Would you please copy the part of the material below that opens with the line containing "Aqua Green and" and closes with the line containing "Camicia da Uomo"? Copy it exactly, and only it.

- _Records to use_:
*** Begin section ***

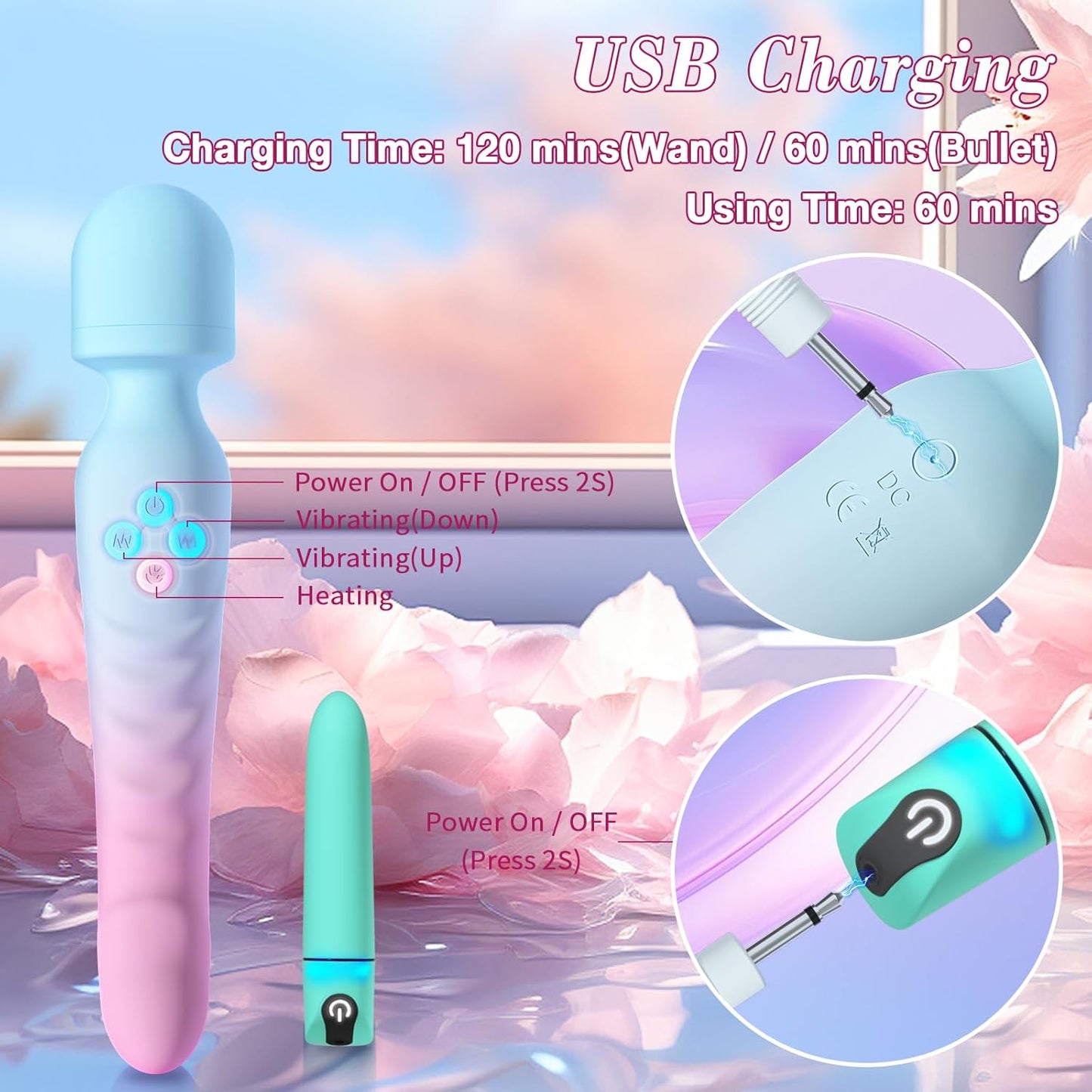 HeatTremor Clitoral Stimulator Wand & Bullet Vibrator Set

*** End section ***
*** Begin section ***

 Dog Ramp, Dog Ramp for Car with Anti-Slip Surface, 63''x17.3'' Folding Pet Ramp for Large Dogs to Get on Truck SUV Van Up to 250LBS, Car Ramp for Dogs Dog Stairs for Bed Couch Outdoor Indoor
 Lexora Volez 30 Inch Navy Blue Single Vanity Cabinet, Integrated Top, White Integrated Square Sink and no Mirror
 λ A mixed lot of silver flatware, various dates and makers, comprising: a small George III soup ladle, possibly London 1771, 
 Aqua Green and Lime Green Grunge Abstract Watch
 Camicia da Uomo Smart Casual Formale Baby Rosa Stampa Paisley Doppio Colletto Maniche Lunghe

*** End section ***

- _The completed task_:
 Aqua Green and Lime Green Grunge Abstract Watch
 Camicia da Uomo Smart Casual Formale Baby Rosa Stampa Paisley Doppio Colletto Maniche Lunghe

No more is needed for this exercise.